• INFORMATION GIVEN:
####

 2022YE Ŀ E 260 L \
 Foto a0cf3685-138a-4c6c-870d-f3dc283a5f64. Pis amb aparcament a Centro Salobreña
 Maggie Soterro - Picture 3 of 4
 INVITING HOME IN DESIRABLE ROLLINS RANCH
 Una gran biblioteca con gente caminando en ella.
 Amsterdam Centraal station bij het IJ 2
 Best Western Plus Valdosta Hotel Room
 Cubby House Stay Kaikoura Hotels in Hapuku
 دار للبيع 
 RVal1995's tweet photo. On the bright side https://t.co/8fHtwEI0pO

####

Each entry above has to be duplicated exactly as it stands.

• WRITTEN RESPONSE:
 2022YE Ŀ E 260 L \
 Foto a0cf3685-138a-4c6c-870d-f3dc283a5f64. Pis amb aparcament a Centro Salobreña
 Maggie Soterro - Picture 3 of 4
 INVITING HOME IN DESIRABLE ROLLINS RANCH
 Una gran biblioteca con gente caminando en ella.
 Amsterdam Centraal station bij het IJ 2
 Best Western Plus Valdosta Hotel Room
 Cubby House Stay Kaikoura Hotels in Hapuku
 دار للبيع 
 RVal1995's tweet photo. On the bright side https://t.co/8fHtwEI0pO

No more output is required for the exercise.